Exercise requirements:
Once you reach the line with "Automotive Test Light" in the material below, copy each line exactly up to and including the line with "Acanthus/ Scroll 57-inch", and skip the pictures.

Dataset:
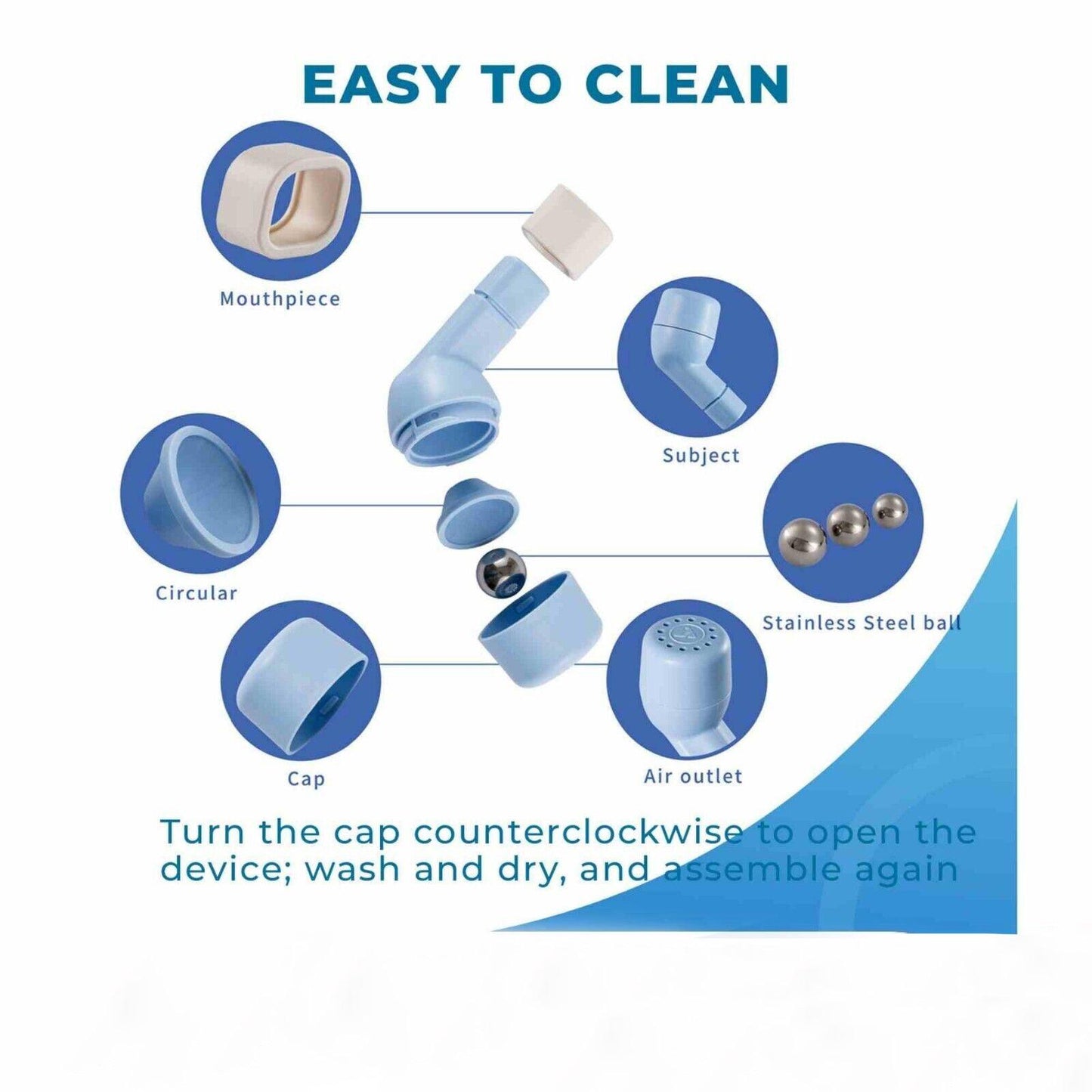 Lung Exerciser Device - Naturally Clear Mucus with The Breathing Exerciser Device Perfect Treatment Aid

* * *

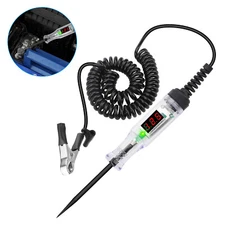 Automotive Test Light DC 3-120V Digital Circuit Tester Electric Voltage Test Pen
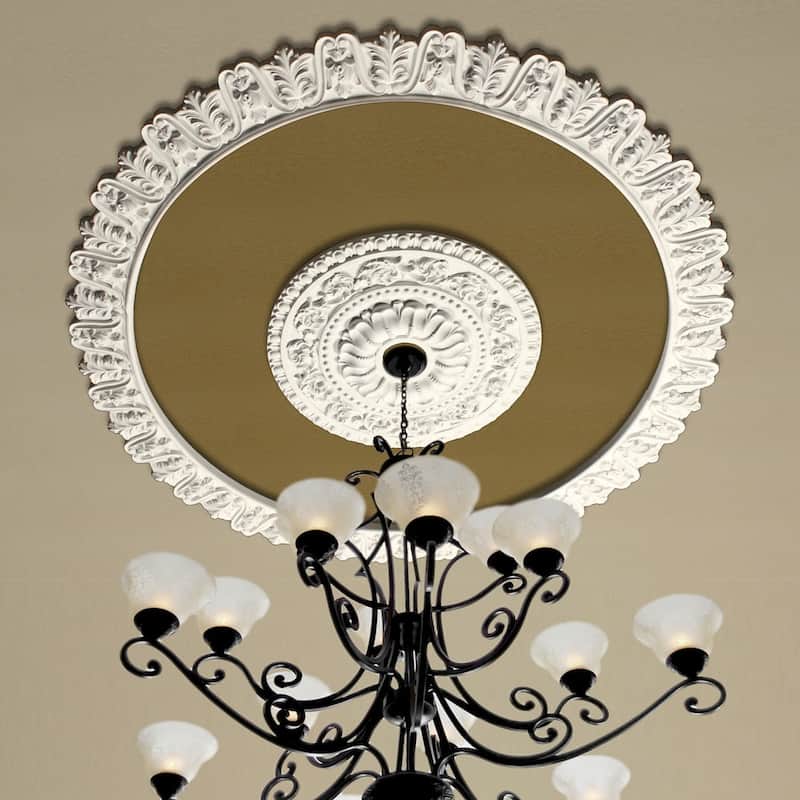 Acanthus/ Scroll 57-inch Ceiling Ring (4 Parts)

Finished task:
 Automotive Test Light DC 3-120V Digital Circuit Tester Electric Voltage Test Pen
 Acanthus/ Scroll 57-inch Ceiling Ring (4 Parts)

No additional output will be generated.